“Despite falling prices and new entrants into this competitive arena, the DSL (CPE) market opportunity will continue to be strong over the next five years,” said Matt Davis, a broadband access analyst with the Boston IT research firm.
Gateways and routers, which feature built-in DSL modems that share broadband connections in homes and businesses, are replacing basic modems in DSL installments, Davis said. As the technology advances, and the number of subscribers rises, helping users transition to new equipment could bolster margins.
Covad Communications is a good example. Earlier this week, they announced a new bundled voice and DSL package for small business users.

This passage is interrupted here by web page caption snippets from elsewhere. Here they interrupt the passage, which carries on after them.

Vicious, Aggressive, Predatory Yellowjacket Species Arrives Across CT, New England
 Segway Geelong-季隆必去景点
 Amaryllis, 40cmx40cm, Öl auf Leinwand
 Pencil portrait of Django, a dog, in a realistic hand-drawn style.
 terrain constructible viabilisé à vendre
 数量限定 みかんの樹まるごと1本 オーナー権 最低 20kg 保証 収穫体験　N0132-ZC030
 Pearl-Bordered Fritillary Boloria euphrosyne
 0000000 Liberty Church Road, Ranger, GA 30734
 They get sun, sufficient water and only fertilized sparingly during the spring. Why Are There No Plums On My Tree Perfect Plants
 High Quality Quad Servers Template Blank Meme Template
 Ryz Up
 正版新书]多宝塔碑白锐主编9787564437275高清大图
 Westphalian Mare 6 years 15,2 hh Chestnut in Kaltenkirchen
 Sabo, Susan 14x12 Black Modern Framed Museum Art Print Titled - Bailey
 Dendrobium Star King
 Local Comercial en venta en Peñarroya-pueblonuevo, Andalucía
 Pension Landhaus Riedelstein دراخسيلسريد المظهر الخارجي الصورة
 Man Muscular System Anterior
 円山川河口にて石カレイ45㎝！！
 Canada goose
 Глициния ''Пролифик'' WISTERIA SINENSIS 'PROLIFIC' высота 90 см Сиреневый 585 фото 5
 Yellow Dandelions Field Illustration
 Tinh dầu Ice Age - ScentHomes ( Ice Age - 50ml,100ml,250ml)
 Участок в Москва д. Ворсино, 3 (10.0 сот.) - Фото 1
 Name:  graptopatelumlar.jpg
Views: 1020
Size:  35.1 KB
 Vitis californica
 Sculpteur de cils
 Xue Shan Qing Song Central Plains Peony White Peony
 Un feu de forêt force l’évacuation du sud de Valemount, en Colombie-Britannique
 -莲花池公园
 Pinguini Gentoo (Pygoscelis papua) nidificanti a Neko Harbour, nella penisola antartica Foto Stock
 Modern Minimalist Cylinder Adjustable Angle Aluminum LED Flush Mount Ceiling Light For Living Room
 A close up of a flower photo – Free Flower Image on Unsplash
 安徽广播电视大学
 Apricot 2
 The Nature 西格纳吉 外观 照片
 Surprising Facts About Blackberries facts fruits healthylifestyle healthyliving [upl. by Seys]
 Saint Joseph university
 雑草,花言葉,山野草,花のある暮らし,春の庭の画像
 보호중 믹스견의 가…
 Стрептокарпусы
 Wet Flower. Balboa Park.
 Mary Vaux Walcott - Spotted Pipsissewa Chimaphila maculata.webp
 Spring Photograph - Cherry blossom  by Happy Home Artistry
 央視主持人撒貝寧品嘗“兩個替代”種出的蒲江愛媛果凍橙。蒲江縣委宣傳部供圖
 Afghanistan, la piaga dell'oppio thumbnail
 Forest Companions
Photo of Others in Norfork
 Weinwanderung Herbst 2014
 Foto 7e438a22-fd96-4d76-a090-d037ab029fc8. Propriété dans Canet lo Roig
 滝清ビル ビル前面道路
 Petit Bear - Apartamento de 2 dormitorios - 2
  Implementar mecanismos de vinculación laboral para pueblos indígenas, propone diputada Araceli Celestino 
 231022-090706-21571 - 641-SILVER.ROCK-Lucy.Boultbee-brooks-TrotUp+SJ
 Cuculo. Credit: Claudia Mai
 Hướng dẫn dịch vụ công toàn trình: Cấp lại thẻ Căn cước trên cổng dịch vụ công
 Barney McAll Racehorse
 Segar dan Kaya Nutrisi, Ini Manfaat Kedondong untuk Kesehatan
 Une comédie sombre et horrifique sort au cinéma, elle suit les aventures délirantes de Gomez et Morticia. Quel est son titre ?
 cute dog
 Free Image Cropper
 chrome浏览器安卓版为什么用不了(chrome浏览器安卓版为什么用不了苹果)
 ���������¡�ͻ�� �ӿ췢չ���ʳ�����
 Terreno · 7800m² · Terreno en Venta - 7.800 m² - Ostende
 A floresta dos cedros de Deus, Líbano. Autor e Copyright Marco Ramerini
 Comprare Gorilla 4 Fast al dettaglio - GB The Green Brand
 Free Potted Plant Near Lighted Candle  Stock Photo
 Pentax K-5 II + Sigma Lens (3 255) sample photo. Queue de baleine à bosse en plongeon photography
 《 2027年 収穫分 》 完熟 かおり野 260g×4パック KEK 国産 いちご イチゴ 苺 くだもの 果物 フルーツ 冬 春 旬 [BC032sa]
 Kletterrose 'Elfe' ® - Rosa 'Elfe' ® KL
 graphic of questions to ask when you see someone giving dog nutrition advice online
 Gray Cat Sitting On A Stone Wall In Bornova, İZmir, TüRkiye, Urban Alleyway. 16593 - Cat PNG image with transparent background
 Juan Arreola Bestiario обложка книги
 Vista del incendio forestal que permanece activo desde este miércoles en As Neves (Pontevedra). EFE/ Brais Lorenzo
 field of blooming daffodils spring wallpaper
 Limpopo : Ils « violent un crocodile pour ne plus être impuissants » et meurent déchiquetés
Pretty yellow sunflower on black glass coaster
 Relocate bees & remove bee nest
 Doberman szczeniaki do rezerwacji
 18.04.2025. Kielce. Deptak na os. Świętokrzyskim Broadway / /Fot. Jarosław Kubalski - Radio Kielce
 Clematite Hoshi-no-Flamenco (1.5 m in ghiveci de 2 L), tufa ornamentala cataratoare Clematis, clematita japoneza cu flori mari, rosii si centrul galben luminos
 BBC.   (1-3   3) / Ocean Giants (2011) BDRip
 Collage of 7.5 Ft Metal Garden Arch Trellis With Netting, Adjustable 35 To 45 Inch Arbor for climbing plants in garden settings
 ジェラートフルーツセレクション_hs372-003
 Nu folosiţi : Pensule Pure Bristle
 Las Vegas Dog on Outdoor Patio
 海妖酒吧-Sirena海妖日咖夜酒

It requires new CPE (which Covad calls an Integrated Access Device) to be installed at a customer’s office. It comes with four or eight phone ports as well as an Ethernet connection for a local area network. Covad buys the boxes from an equipment supplier.
The box combines voice (both compressed and uncompressed) and data trafic and then sends it out over a symmetric digital subscriber line (define) to the network.
Not surprisingly, Asia-Pacific is driving much of the growth in DSL CPE. Thanks in part to government subsidies, South Korea leads the world in the percentage of its population that has high-speed Internet access.
Yankee predicts that region will buy more than $1 billion in DLS CPE next year. The North American market, which faces stiffer comptetition from cable broadband, will see revenues drop below $500 million, and hold there over the next four years.
Meanwhile, Europe will increase from approximately $570 million in 2002, to just over $900 million in 2007, and Latin America will hover around the $70 million mark for most of the forecast.